Altogether Elsewhere, Writers on Exile, edited by Marc Robison (1994) The events of this past year and now in 2017 encourages me to look back on the history of writers living in exile and how they identified with their surroundings, things seen and unseen, politics, society, philosophy, and how they interacted with the surrounding environment.
Marc Robinson writes, “Like one’ relative’s marginalia and another’s epistolary chronicles, these essays, letters, journal entries, excerpts from memoirs, and random jottings are mere traces, notes written on the sides of literary careers usually devoted to fiction, poetry, criticism or philosophy.”
From Joseph Brodsky’s look into the condition of exile to George Santayana’s query, “What is life but a form of motion and journey through a foreign world?” Mary McCarthy provides “A guide to Exiles, Expatriates, and Internal Emigrés” and Thomas Mann writes about his relationship to his homeland and James Baldwin’s “The New Lost Generation’ to Albert Camus’, “The Rains of New York,” to “Africa in Exile” by Es’kia Mphalele, among so many other prominent writers in history.

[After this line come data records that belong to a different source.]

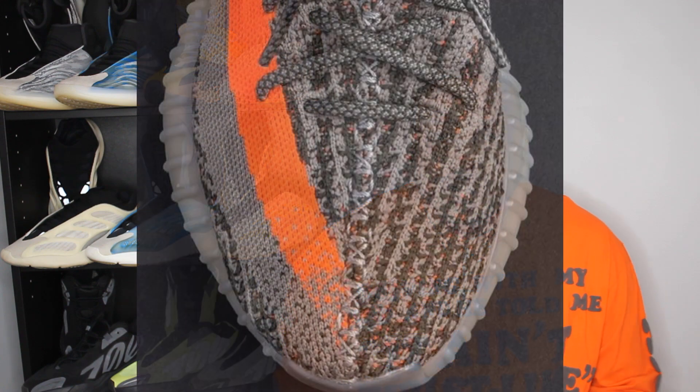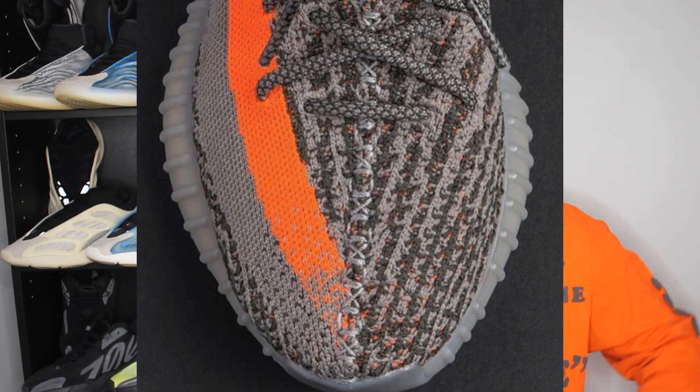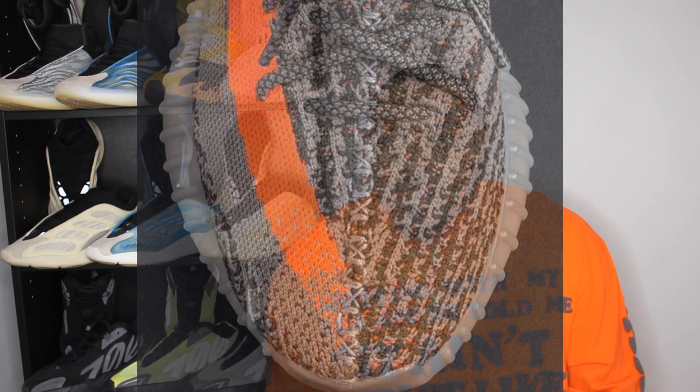My bro Ja already said it and I'm going to stamp it as well — 2021 is about to be the best Yeezy release year in history. The Yeezy brand is just getting started. We've already seen some crazy releases with vibrant colors coming out, and this goes right with it because that Beluga Orange is so vibrant, it stands out. You got that OG classic design and I'm really excited about this.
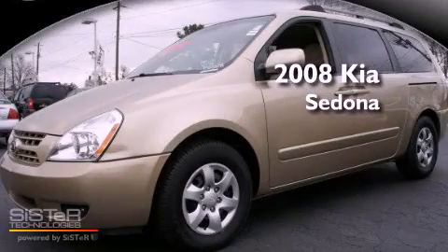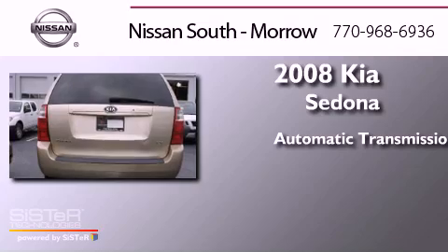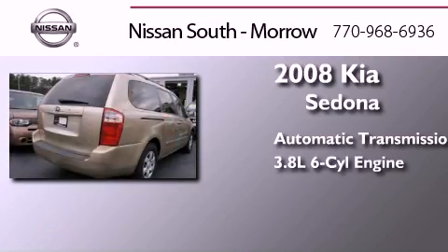This is a 2008 Kia Sedona. This minivan has an automatic transmission and a six-cylinder engine.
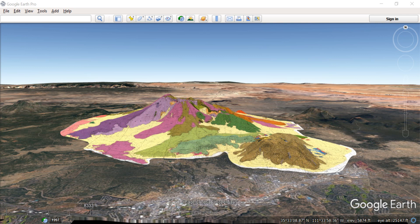This is San Francisco Mountain. It's the largest volcano in the San Francisco volcanic field in Arizona's Colorado Plateau. The field comprises about 600 vents.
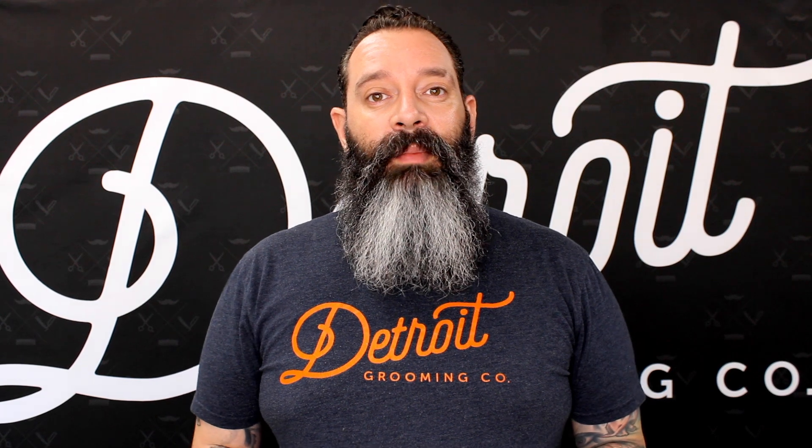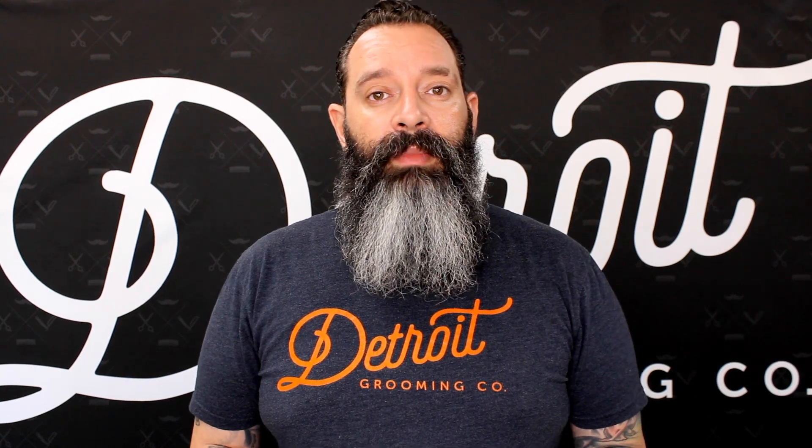Hey everybody, it's Mike with Detroit Grooming Company and I've got a really awesome video for you today. I'm announcing a product that you guys have been asking for for quite some time, and it's releasing this Friday. So here it is — Detroit Grooming Company's very own premium beard conditioner with biotin.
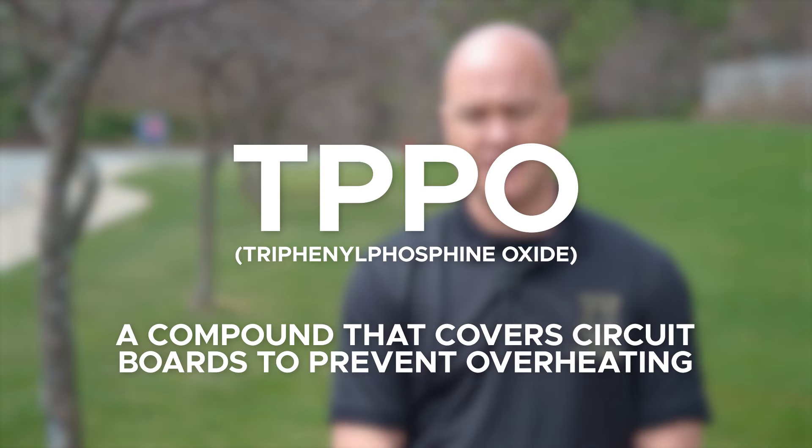What he's alerting to is a chemical compound called TPPO, and any electronic storage device that is capable of storing data is sprayed with this chemical during manufacturing.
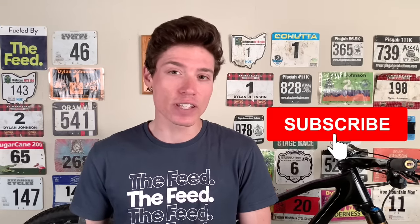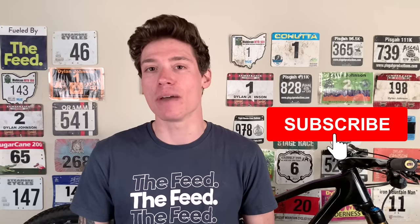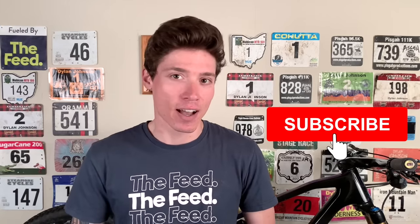Thanks for watching. If you want to follow my racing closer in real time, be sure to check me out on Instagram, and if you enjoyed this video, be sure to give it a like, subscribe, and share it with your cycling friends. I'll see you in the next one.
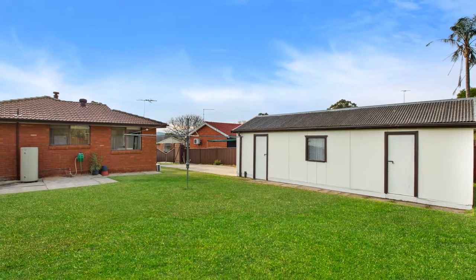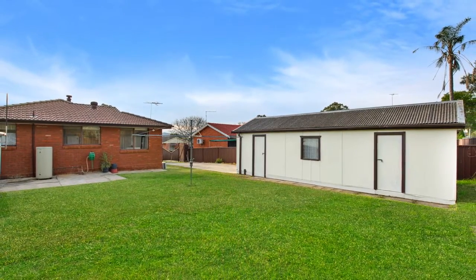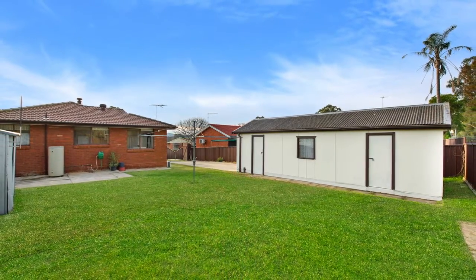The block offers 571 square metres of land with over 16 metre frontage and 34 metres deep, giving you the opportunity to potentially build a granny flat on this site, subject to council approval.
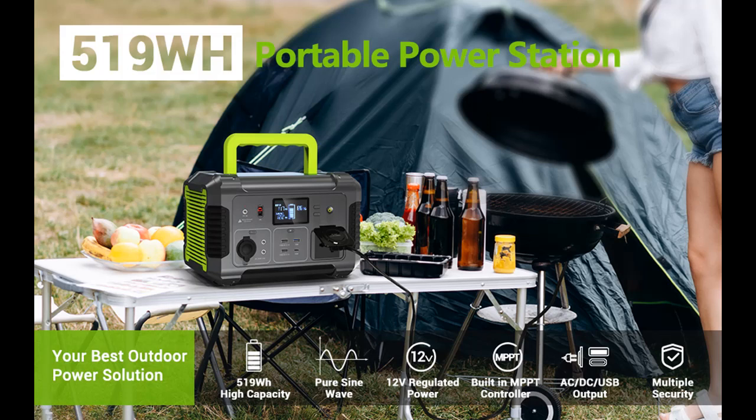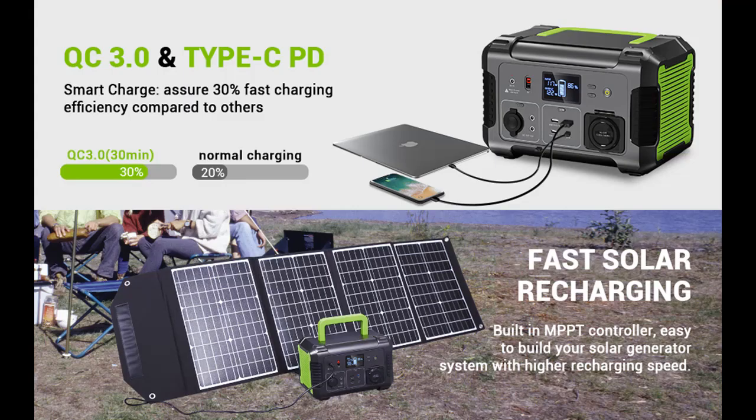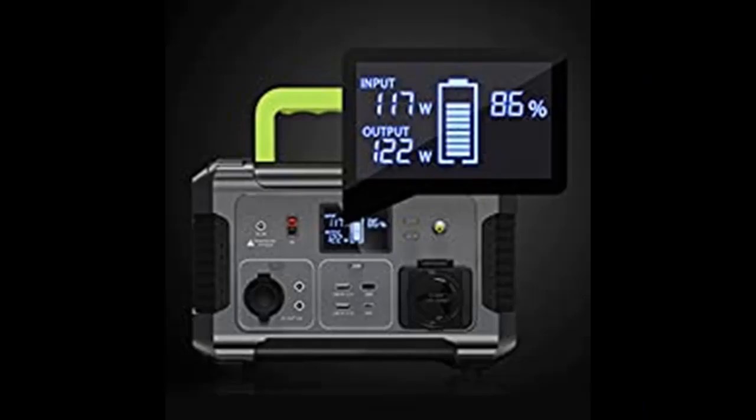Features include: 1 Pure Sine Wave 110V AC outlet rated at 500 Watts, 750 Watt peak; 1 Car Port at 12V/10A, 120 Watt max; 2 DC ports at 12V/5A, 60 Watt max; 2 USB ports at 5V/3.1A; 1 QC 3.0 USB at 5–9V, 18 Watt max; and 1 USB-C PD output at 20V, 30 Watt max — effectively charging your small digital devices.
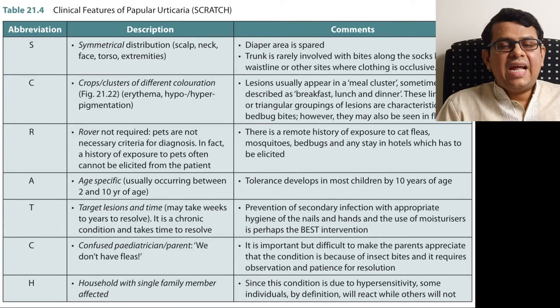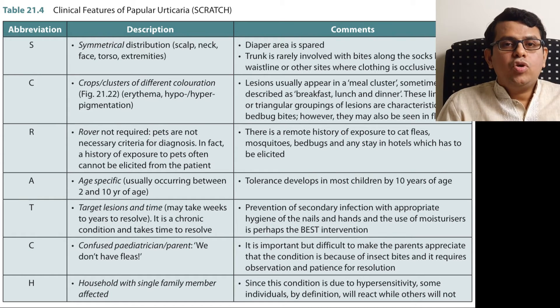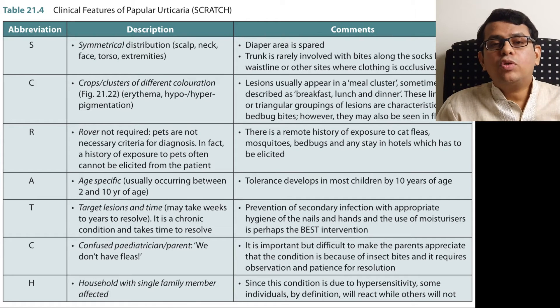There is a mnemonic called SCRATCH to explain insect bite induced hypersensitivity. S — the lesions are symmetric and occur in clusters. C — no rover, meaning you need not have a pet history; neighbor's pets or fleas without any pet exposure can still affect you. A — age, the classic age of 2 to 10 years.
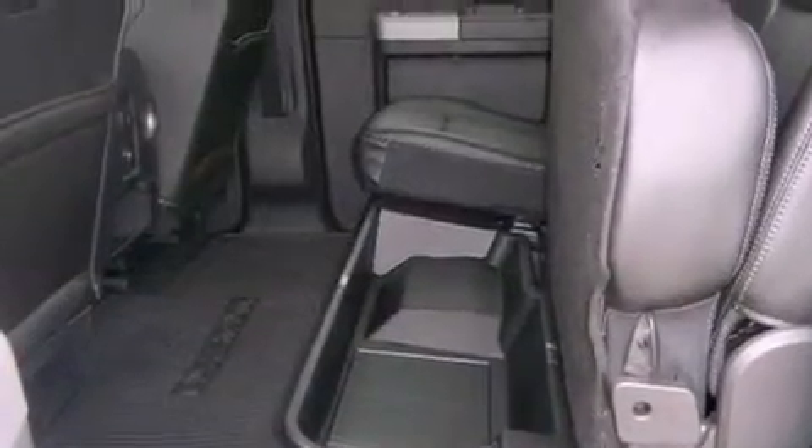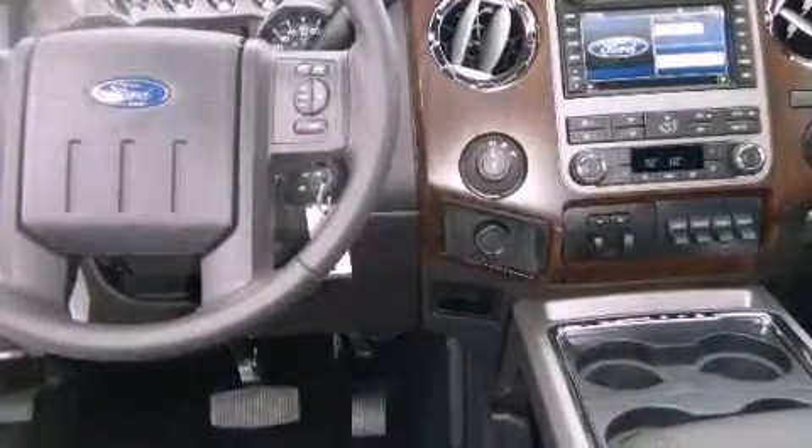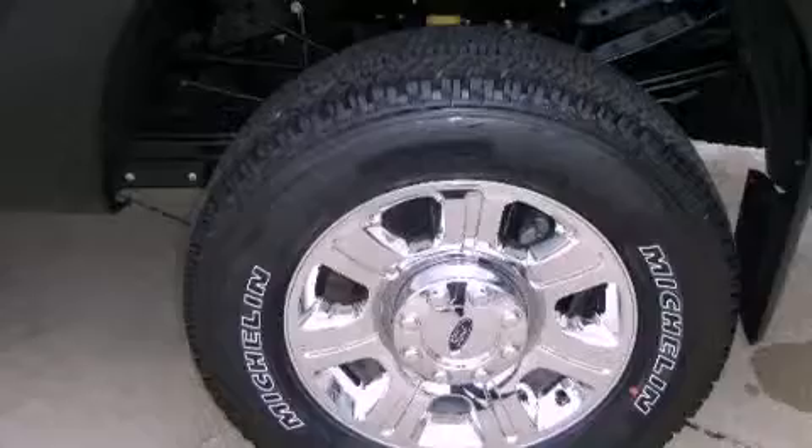The following features are also included: adjustable driver pedals, a power passenger seat, cruise control, and a trailer hitch receiver.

The value in this, at times I suppose prosaic and yet other moments intellectually stimulating work, is the provocative underlying question in some of these very personal writings: Who knows for certain, whether or not an individual as a result of a dramatic shift in political, social or other events, directly affecting their life, for which they have no control or resources, finds her or himself a refugee seeking asylum elsewhere?